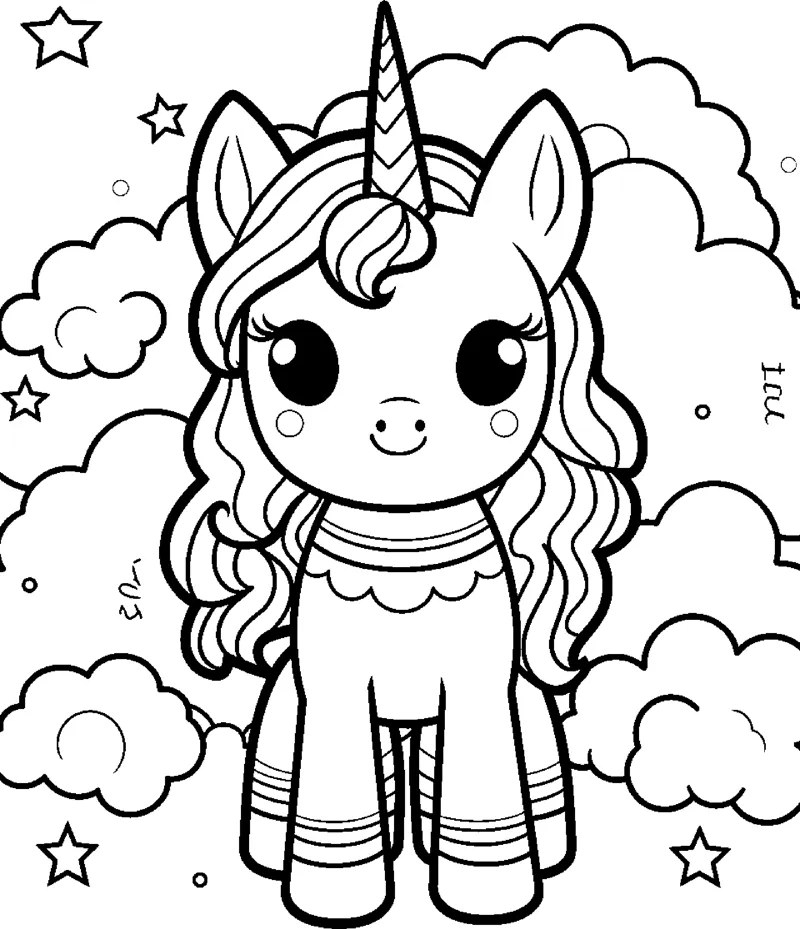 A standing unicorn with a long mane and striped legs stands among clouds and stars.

====

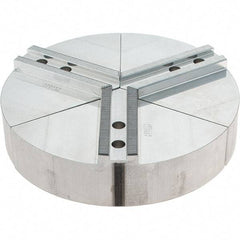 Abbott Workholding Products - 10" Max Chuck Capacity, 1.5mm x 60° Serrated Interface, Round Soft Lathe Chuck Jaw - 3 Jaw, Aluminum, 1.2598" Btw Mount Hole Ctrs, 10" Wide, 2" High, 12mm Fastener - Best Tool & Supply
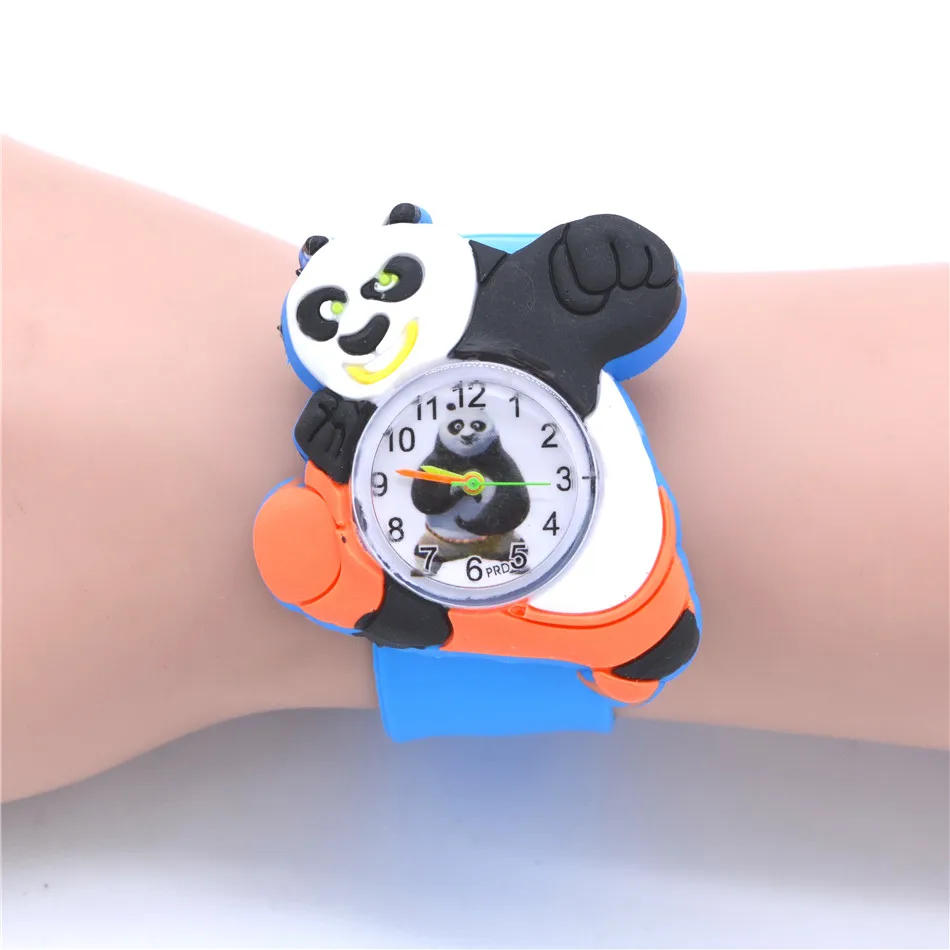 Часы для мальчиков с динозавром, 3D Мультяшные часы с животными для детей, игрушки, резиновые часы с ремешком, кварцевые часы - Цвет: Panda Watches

====

ABOUT THIS EXERCISE
Return only the stretch above from the line containing "Abbott Workholding Products" through the line containing "Часы для мальчиков", word for word and without pictures.

ANSWER TO THIS PROBLEM
 Abbott Workholding Products - 10" Max Chuck Capacity, 1.5mm x 60° Serrated Interface, Round Soft Lathe Chuck Jaw - 3 Jaw, Aluminum, 1.2598" Btw Mount Hole Ctrs, 10" Wide, 2" High, 12mm Fastener - Best Tool & Supply
 Часы для мальчиков с динозавром, 3D Мультяшные часы с животными для детей, игрушки, резиновые часы с ремешком, кварцевые часы - Цвет: Panda Watches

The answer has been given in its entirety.